You can find the original post here :
http://dba.stackexchange.com/questions/34892/why-cant-rdbms-cluster-the-way-nosql-does
Or, Distributed Databases - what the FK does 'web scale' actually mean?
Distributed database systems are complex critters and come in a
number of different flavours. If I dig deep in to the depths of my
dimly remembered distributed systems papers I did at university (roughly
15 years ago) I'll try to explain some of the key engineering problems
to building a distributed database system.
First, some terminology
ACID (Atomicity, Consistency, Isolation and Durability) properties:
These are the key invariants that have to be enforced for a transaction
to be reliably implemented without causing undesirable side effects.
Atomicity
requires that the transaction complete or rollback completely.
Partially finished transactions should never be visible, and the system
has to be built in a way that prevents this from happening.
Consistency
requires that a transaction should never violate any invariants (such
as declarative referential integrity) that are guaranteed by the
database schema. For example, if a foreign key exists it should be
impossible to insert a child record with a reverence to a non-existent
parent.
Isolation
requires that transactions should not interfere with each other. The
system should guarantee the same results if the transactions are
executed in parallel or sequentially. In practice most RDBMS products
allow modes that trade off isolation against performance.
Durability
requires that once committed, the transaction remains in persistent
storage in a way that is robust to hardware or software failure.

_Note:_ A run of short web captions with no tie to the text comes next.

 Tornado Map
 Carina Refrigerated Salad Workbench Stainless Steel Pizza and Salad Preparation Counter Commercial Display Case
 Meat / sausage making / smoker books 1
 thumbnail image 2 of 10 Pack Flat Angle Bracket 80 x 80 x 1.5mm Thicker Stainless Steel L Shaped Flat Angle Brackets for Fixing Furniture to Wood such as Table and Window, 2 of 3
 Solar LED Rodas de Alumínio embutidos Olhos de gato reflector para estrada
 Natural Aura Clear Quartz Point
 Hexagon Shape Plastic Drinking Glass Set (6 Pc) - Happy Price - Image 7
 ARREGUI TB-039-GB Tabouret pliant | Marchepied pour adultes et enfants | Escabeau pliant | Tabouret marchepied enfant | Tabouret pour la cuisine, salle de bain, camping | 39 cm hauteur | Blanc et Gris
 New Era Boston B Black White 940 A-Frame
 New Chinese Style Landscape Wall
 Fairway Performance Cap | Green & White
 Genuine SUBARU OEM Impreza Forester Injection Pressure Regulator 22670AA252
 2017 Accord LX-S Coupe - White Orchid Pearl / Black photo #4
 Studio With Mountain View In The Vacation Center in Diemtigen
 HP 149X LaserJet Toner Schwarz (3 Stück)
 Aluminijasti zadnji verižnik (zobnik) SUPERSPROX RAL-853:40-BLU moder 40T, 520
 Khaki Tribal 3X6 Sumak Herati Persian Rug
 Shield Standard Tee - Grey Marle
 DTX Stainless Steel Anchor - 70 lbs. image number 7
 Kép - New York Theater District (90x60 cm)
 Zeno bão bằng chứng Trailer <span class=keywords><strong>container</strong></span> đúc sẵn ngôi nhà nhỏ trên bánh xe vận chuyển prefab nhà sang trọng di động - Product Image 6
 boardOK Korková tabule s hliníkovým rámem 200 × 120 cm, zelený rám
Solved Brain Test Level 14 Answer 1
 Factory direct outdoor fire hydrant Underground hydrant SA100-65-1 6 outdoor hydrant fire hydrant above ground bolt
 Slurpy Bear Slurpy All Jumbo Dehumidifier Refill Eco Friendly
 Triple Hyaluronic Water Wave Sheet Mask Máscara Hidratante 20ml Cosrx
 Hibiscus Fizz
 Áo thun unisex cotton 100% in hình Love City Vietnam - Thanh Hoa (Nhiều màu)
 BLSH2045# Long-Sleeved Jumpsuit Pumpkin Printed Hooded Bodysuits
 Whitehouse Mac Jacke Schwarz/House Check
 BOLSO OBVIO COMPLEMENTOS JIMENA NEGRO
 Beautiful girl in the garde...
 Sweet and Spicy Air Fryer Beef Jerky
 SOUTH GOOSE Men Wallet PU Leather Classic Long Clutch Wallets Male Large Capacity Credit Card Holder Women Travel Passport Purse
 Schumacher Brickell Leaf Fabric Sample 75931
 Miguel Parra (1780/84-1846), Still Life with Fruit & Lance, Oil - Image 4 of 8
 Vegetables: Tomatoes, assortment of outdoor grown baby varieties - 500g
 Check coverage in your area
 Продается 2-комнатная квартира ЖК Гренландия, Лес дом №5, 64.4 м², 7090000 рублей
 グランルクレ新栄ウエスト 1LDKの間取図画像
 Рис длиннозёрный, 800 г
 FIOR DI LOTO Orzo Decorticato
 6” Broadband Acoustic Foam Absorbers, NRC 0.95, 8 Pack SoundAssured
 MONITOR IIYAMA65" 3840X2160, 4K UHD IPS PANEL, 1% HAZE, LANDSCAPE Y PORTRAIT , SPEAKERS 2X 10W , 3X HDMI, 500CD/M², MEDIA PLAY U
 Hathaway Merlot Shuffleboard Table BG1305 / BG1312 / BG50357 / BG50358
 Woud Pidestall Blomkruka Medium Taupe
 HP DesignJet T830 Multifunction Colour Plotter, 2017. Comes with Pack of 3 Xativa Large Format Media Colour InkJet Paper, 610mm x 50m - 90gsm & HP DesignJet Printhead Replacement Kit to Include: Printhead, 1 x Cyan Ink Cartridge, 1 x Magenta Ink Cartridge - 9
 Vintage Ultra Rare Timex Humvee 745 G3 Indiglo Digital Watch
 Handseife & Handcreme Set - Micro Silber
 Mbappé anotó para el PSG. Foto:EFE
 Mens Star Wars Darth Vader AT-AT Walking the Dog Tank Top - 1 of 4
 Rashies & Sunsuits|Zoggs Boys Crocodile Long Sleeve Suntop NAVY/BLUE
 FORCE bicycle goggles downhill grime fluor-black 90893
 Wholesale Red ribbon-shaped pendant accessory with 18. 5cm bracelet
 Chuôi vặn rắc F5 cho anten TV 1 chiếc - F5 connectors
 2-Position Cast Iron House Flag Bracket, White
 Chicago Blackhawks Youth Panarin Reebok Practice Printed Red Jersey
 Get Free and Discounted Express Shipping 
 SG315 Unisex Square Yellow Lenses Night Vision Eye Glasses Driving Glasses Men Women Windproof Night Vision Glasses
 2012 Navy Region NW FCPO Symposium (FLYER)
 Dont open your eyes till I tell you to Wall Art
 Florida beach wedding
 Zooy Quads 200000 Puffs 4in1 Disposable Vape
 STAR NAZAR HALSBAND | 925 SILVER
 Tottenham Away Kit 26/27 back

I'll explain some of the technical hurdles these requirements present on distributed systems below.
Shared Disk Architecture:
An architecture in which all processing nodes in a cluster have access
to all of the storage. This can present a central bottleneck for data
access. An example of a shared-disk system is
Oracle RAC or
Exadata.
Shared Nothing Architecture:
An architecture in which processing nodes in a cluster have local
storage that is not visible to other cluster nodes. Examples of
shared-nothing systems are
Teradata and
Netezza.
Shared Memory Architecture:
An architecture in which multiple CPUs (or nodes) can access a shared
pool of memory. Most modern servers are of a shared memory type.
Shared memory facilitates certain operations such as caches or atomic
synchronisation primitives that are much harder to do on distributed
systems.
Synchronisation:
A generic term describing various methods for ensuring consistent
access to a shared resource by multiple processes or threads. This is
much harder to do on distributed systems than on shared memory systems,
although some network architectures (e.g. Teradata's BYNET) had
synchronisation primitives in the network protocol. Synchronisation can
also come with a significant amount of overhead.
Semi-Join:
A primitive used in joining data held in two different nodes of a
distributed system. Essentially it consists of enough information about
the rows to join being bundled up and passed by one node to the other
in order to resolve the join. On a large query this could involve
significant network traffic.
Eventual Consistency:
A term used to describe transaction semantics that trade off immediate
update (consistency on reads) on all nodes of a distributed system for
performance (and therefore higher transaction throughput) on writes.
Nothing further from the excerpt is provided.